Whenever a line in the records below contains "imágenes", pick it out.

━━━ Records for processing

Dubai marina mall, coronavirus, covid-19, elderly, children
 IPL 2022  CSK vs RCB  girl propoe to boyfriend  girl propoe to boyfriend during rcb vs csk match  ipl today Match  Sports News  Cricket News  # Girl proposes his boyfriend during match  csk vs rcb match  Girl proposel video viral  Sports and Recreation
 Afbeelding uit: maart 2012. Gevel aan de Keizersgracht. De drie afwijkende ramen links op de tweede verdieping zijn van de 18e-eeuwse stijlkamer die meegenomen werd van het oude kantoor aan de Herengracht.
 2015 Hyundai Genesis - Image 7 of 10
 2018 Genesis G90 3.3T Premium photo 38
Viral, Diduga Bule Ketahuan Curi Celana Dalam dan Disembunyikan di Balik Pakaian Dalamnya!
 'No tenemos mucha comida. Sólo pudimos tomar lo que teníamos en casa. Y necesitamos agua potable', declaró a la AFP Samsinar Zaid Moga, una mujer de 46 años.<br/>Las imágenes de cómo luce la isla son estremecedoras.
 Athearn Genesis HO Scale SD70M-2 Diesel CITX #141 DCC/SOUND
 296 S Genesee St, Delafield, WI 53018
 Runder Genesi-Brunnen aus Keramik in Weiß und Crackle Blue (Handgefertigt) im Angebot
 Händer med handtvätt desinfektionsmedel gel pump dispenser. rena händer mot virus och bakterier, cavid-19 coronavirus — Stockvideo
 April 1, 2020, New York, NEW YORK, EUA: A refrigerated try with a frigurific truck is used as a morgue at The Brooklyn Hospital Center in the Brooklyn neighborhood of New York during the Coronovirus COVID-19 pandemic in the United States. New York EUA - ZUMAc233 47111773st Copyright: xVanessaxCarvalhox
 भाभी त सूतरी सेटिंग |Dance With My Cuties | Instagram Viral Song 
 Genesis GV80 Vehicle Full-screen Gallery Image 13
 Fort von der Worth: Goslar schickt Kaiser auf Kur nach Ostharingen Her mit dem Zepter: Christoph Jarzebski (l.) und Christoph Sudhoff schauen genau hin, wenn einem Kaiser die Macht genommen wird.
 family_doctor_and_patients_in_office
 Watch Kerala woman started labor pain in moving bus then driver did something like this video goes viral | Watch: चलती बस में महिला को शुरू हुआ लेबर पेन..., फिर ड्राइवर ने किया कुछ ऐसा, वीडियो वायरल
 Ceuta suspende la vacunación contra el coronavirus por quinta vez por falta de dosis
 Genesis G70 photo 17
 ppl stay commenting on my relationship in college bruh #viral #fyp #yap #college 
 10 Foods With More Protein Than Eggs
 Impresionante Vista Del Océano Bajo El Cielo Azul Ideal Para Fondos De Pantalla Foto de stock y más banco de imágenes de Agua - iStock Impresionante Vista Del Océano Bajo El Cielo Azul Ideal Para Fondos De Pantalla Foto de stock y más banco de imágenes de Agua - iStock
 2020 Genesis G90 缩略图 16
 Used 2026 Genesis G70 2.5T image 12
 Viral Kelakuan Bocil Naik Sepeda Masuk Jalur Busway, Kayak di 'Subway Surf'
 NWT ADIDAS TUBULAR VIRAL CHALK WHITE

━━━━━━

-- Solution for this exercise --
 'No tenemos mucha comida. Sólo pudimos tomar lo que teníamos en casa. Y necesitamos agua potable', declaró a la AFP Samsinar Zaid Moga, una mujer de 46 años.<br/>Las imágenes de cómo luce la isla son estremecedoras.
 Impresionante Vista Del Océano Bajo El Cielo Azul Ideal Para Fondos De Pantalla Foto de stock y más banco de imágenes de Agua - iStock Impresionante Vista Del Océano Bajo El Cielo Azul Ideal Para Fondos De Pantalla Foto de stock y más banco de imágenes de Agua - iStock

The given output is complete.